== Segment start ==

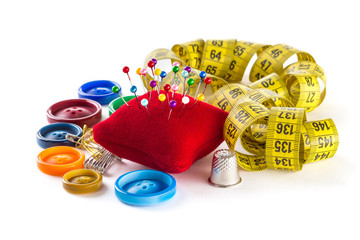 Tools for sewing: measurement, button, thimble, pins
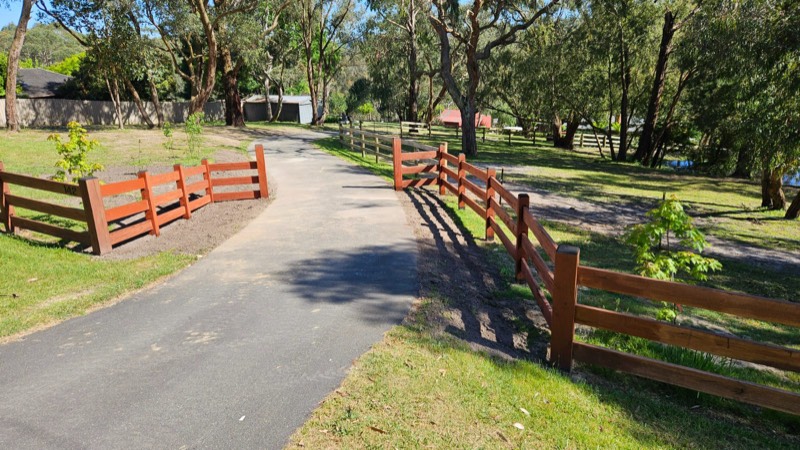 Two rail cypress boundary fence along a driveway at Beaconsfield Upper
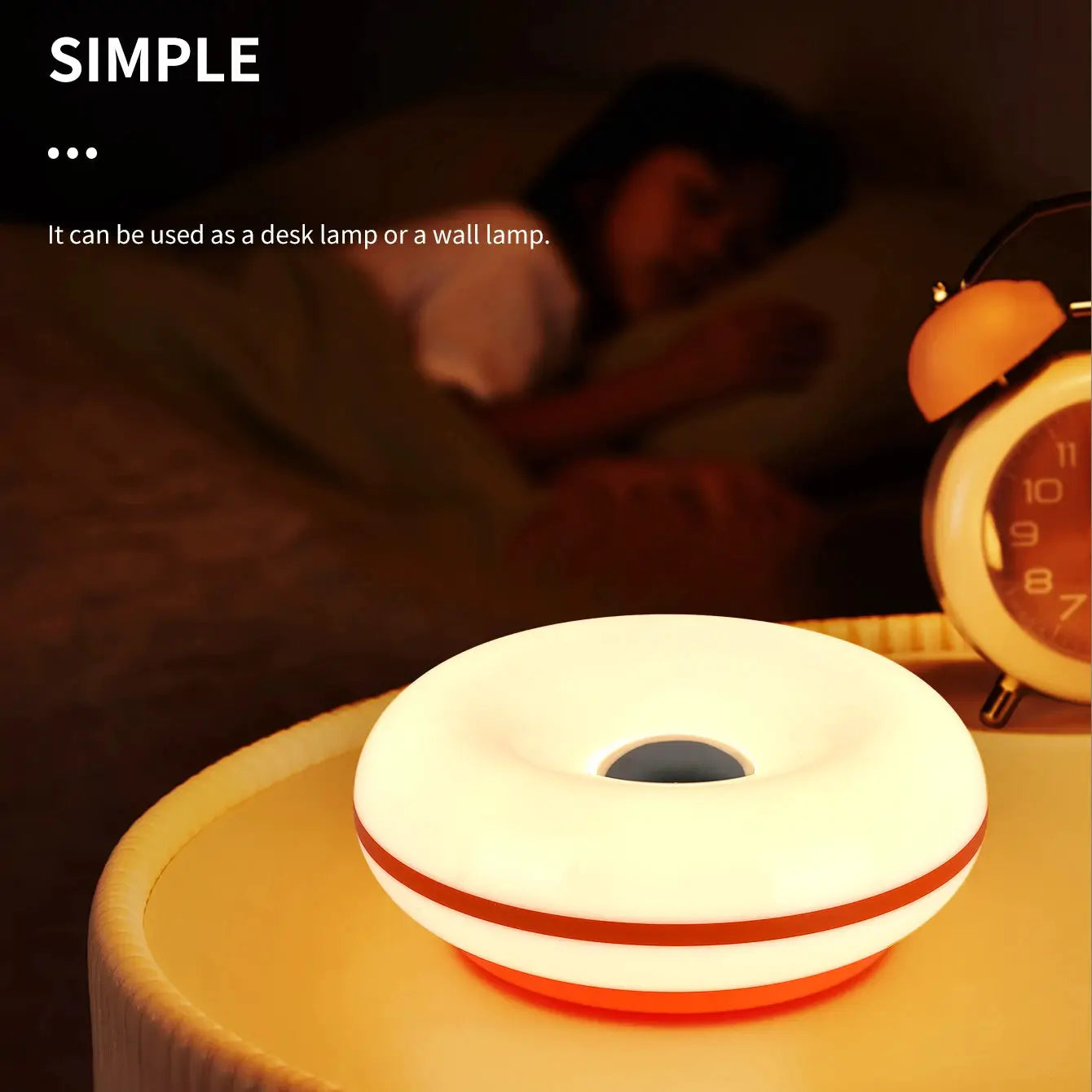 Bauhaus donut table lamp with USB plug by Simples Market; white with red accent.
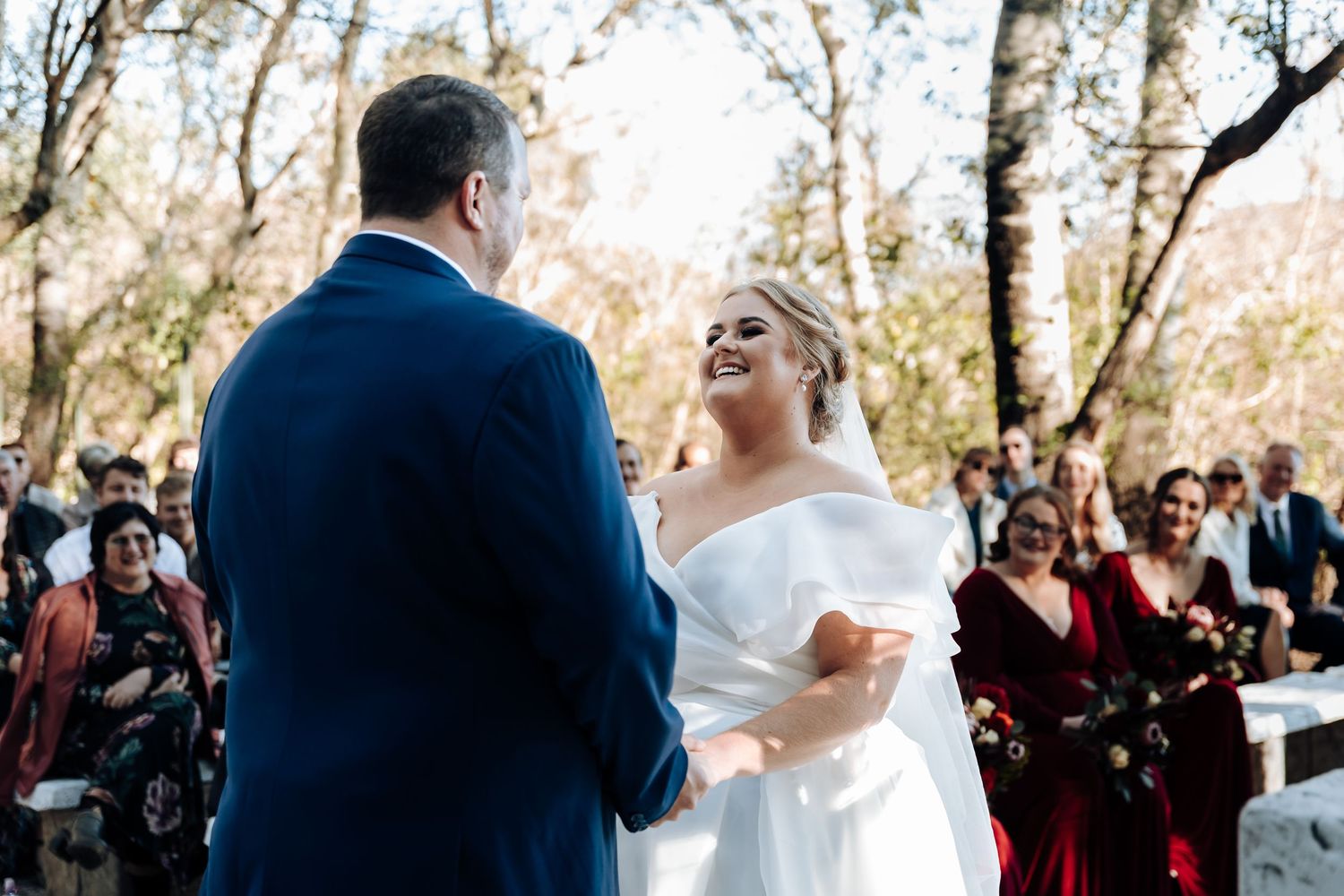 Bride smiling joyfully at groom during outdoor wedding ceremony with guests in background.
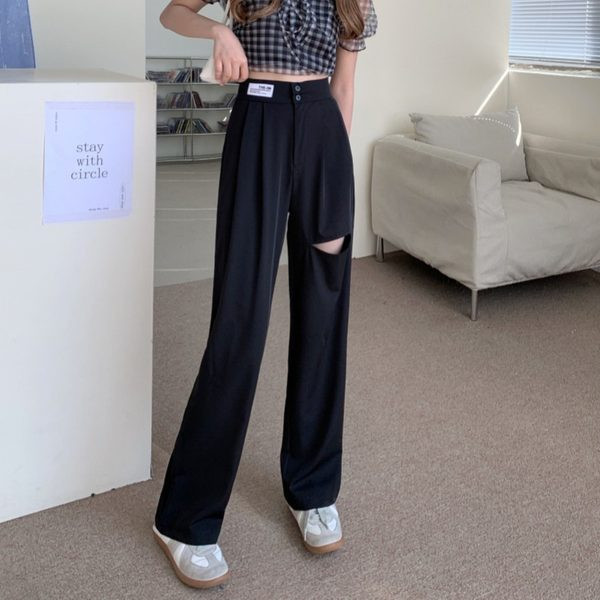 Model larg de pantaloni de dama cu motive rupte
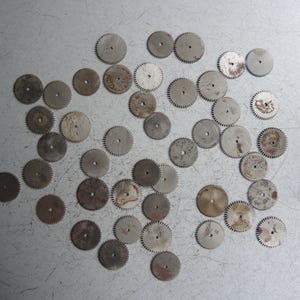 May include: A collection of small, circular metal gears with toothed edges, scattered on a light gray surface. The gears vary in size and show signs of wear, with some having a slightly rusty appearance. These components are likely from a watch or clock.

== Segment end ==

■ **WHAT IS BEING ASKED**
Look back over the records above. Reproduce exactly everything from the line with "Bauhaus donut table" down to the line with "Model larg de", inclusive, and leave the pictures out.

■ **RESULT OF THIS EXERCISE**
 Bauhaus donut table lamp with USB plug by Simples Market; white with red accent.
 Bride smiling joyfully at groom during outdoor wedding ceremony with guests in background.
 Model larg de pantaloni de dama cu motive rupte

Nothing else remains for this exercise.